"El señor Torra no es más que un racista al frente de la presidencia de la Generalitat de Cataluña, de ahí que nosotros dijésemos, y yo en particular, que el señor Torra no es ni más ni menos que el Le Pen de la política española".

Estas palabras las pronunció Pedro Sánchez el pasado 21 de mayo, durante una rueda de prensa en la sede del PSOE, en la que también tildó al presidente de la Generalitat de “supremacista” y “xenófobo”.

Siete semanas después, Sánchez --ahora ya como presidente del Gobierno-- ha recibido al “racista”, “supremacista” y “xenófobo” Torra en la Moncloa para “normalizar” las relaciones entre ambos ejecutivos, nacional y autonómico.

Se podrá decir que el diálogo nunca está de más; que en política hay que hablar hasta con el diablo; que intentar recuperar la convivencia en Cataluña bien vale tragarse algunos sapos; que el presidente del Gobierno está moralmente obligado a recibir a todos los presidentes de las CCAA sin excepción; que este tipo de encuentros forma parte de las obligaciones institucionales de cualquier gobernante; que conviene y es inteligente dar una salida al independentismo más pragmático tras el fracaso del procés... Todo lo que se quiera, pero yo a los “racistas”, “supremacistas” y “xenófobos” no los recibo, ni trato de “normalizar” relaciones con ellos.

Parece legítimo --e incluso razonable-- que el presidente del Gobierno realice gestos para rebajar la tensión política, que opte por un talante distinto al mostrado por su antecesor e incluso que active comisiones bilaterales sectoriales entre ambas administraciones. También es legítimo --aunque nada razonable-- que apueste por la estrategia del contentamiento para afrontar el problema del nacionalismo catalán, a pesar de que 40 años en esa dirección han demostrado que es un error. Es legítimo --aunque un error histórico-- plantear una reforma constitucional en clave federal y la recuperación de los aspectos inconstitucionales del Estatut para tratar de calmar al insaciable secesionismo nacionalista.

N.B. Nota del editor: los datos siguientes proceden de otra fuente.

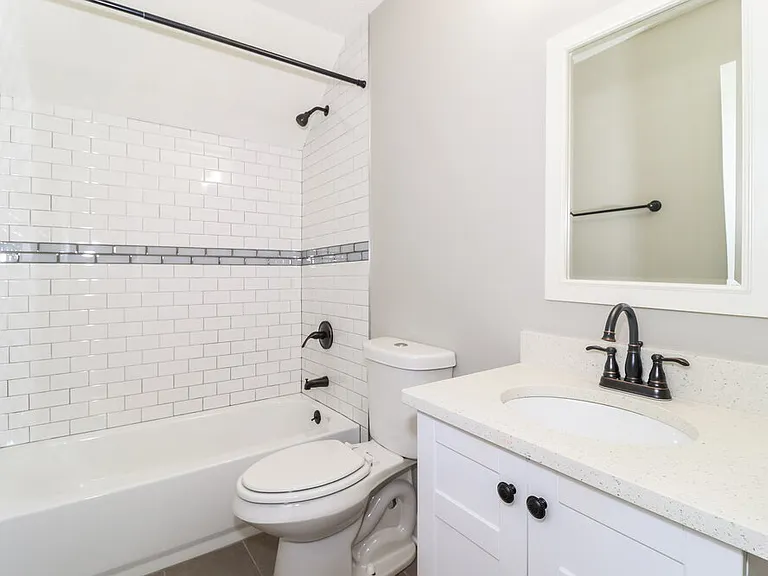 1915 Pecan Grove Dr — Photo 15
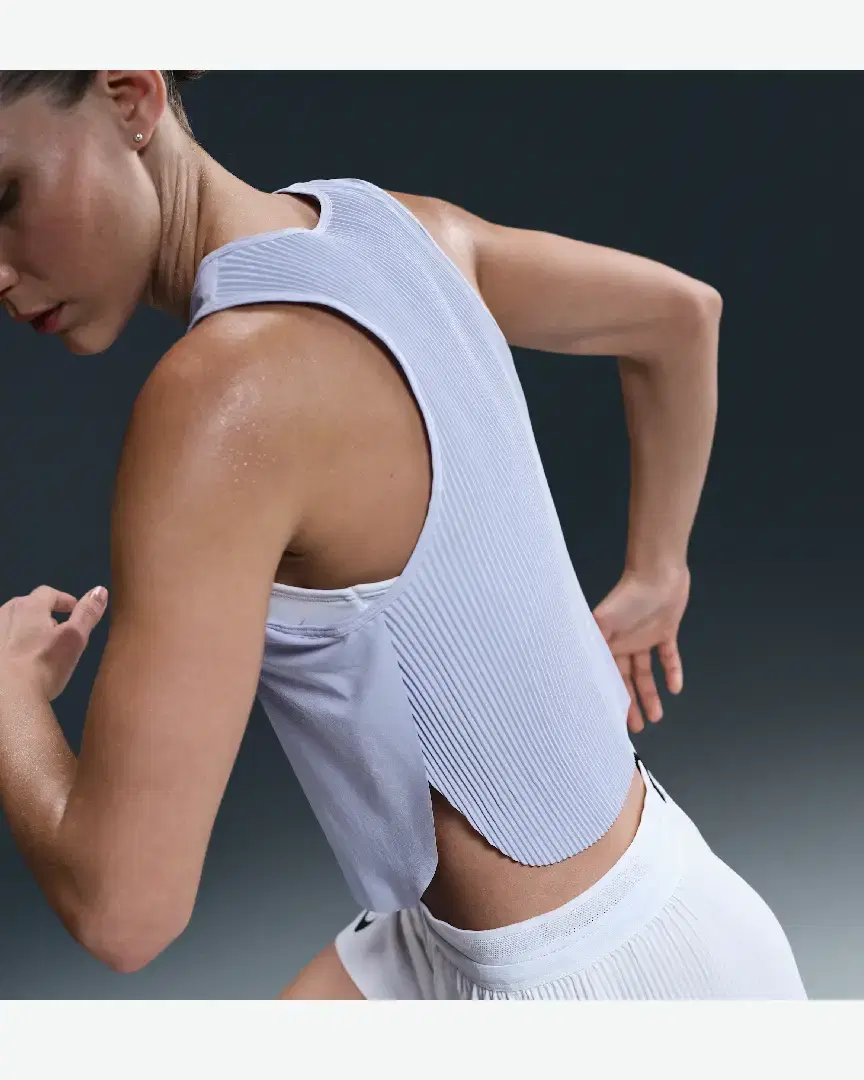 Débardeur Court Imprimé Dri-Fit Adv Nike Aeroswift W - FN2713-057 (2) au meilleur prix !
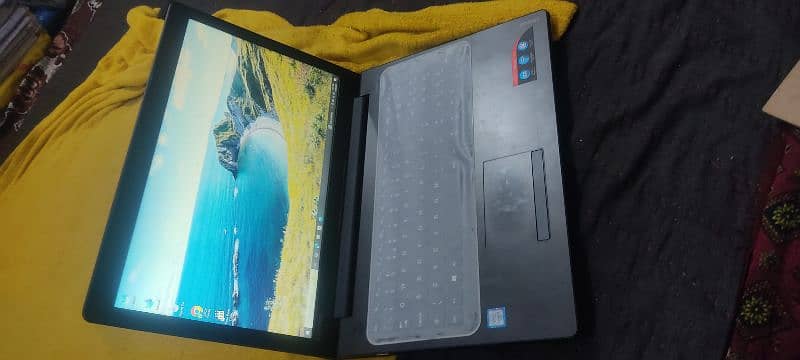 Lenovo ideapad , core i3 6th generation, 4 gb ram,320 hdd,window 10,3h 5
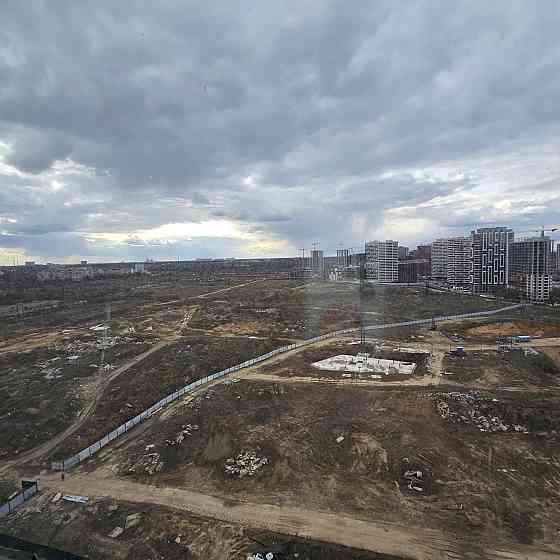 Власник.  Продам трикімнатну квартиру  99кв.м.  в ЖК Варшавський 2 Київ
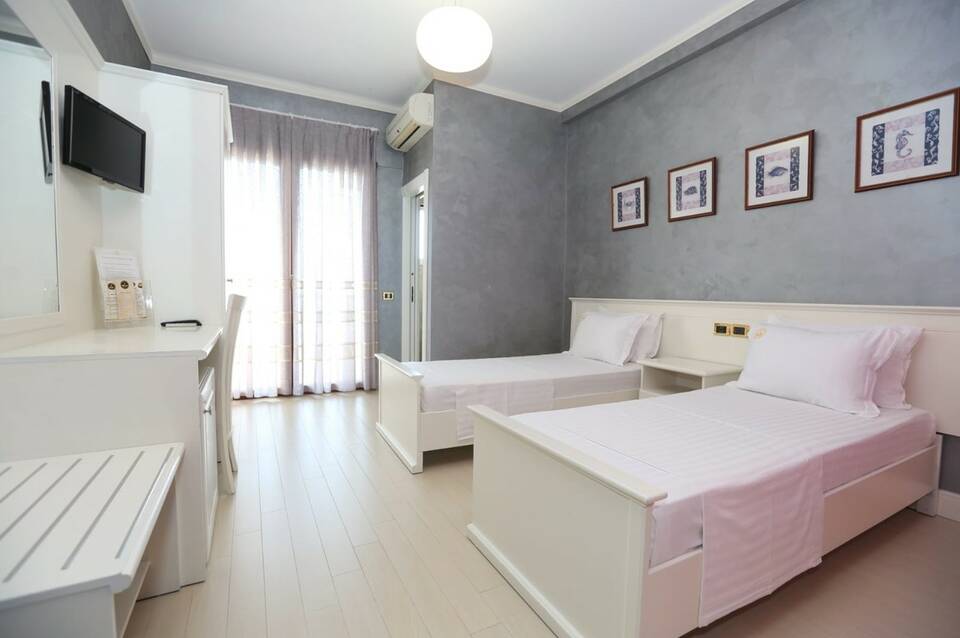 Iliria Internacional Hotel 4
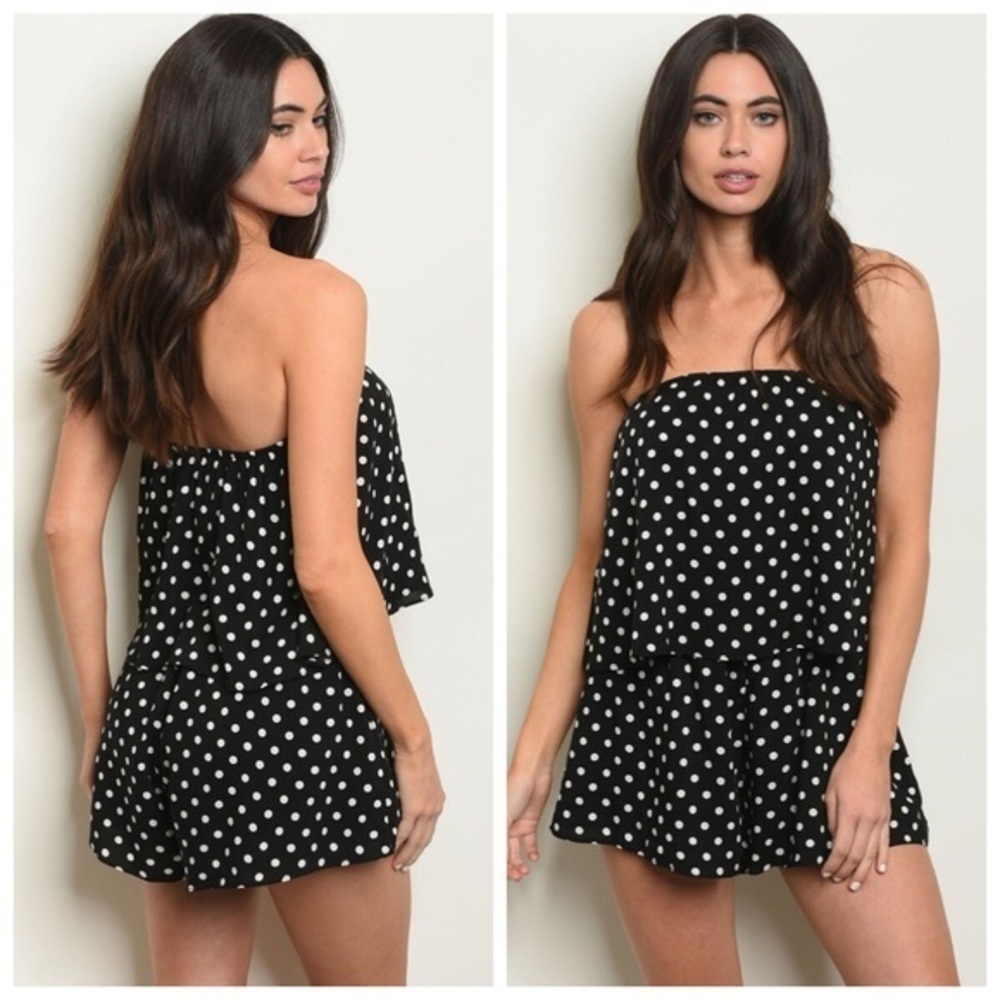 🆕Gorgeous black w/white romper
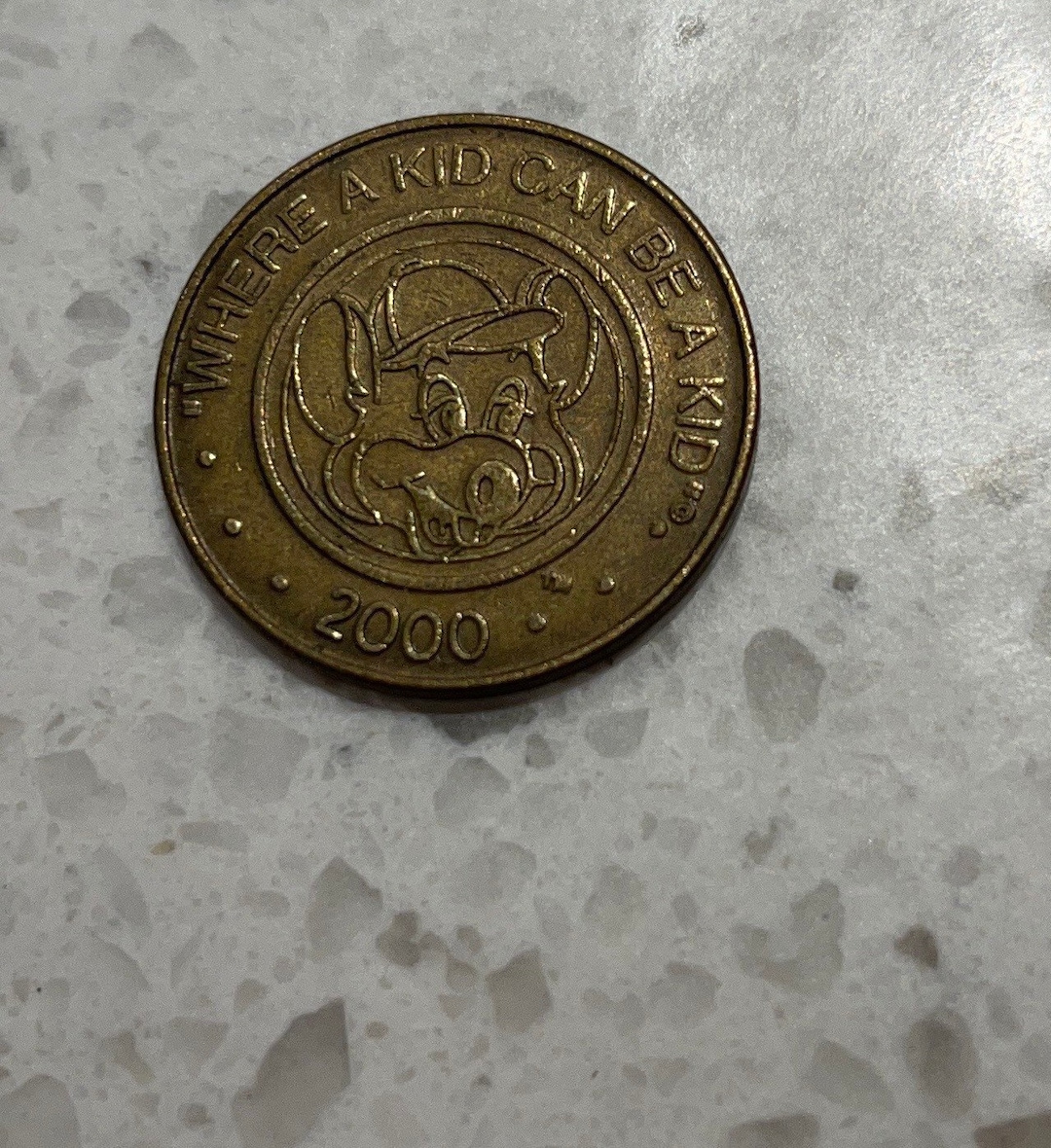 Token - Chuck E Cheese (Brass) - United States – Numista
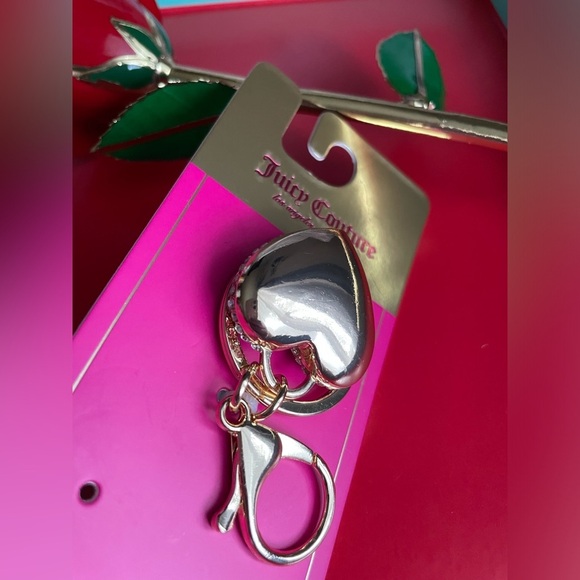 Juicy Couture Keychain,Juicy Couture Gold Heart Keychain. - Picture 5 of 7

Lo que resulta inaceptable como presidente del Gobierno de España es recibir con todo tipo de atenciones y guiños de complicidad a un dirigente autonómico que acumula escritos y declaraciones insultantes contra los españoles y contra los catalanes castellanohablantes o no nacionalistas por el mero hecho de serlo. Y que se presenta con un lazo amarillo para denunciar que en España hay "presos políticos" y no rige el Estado de derecho.

Y todo ello con el añadido de que, a pesar de la mano tendida de Sánchez con el independentismo político desde el primer día que llegó a la Moncloa, este ha respondido con amenazas y desplantes. Así, los Puigdemont, Artadi, Torrent, Tardà, Pujol y demás secuaces han prometido que no han renunciado a la unilateralidad, que volverán a la desobediencia, que aplicarán el “mandato” del 1-O, que de lo único que están dispuestos a hablar con el Gobierno es de la aplicación del “derecho a la autodeterminación” de Cataluña, que hay que “facilitar el momento para la independencia” y que simplemente esperan una ventana de oportunidad para “implementar la república”.

Es cierto que --de momento-- la Generalitat de Torra no ha soltado a los presos preventivos por el intento de secesión unilateral a pesar de que están bajo su custodia. Pero ya veremos si aguanta la presión de los CDR, la CUP y los gurús mediáticos --tipo Enric Vila-- que les tildan de “carceleros” de los héroes del 1-O. Nada es descartable con los que se han atrevido a hacer dos referéndums secesionistas --utilizando a niños y ancianos como escudos humanos contra las fuerzas policiales que debían cumplir un mandato judicial-- y dos declaraciones unilaterales de independencia. Además, la liberación de los encarcelados sería una buena oportunidad para demostrar a los suyos que no van de farol.

Mientras el independentismo político no asuma la derrota del procés, renuncie a la vía unilateral, reconozca que el único camino posible es el autonomismo y cumpla las leyes y las sentencias de los tribunales --empezando por las relacionadas con el bilingüismo escolar--, ningún acercamiento es sensato, y menos con aquellos a los que se les tilda de “racistas”, “supremacistas” y “xenófobos”.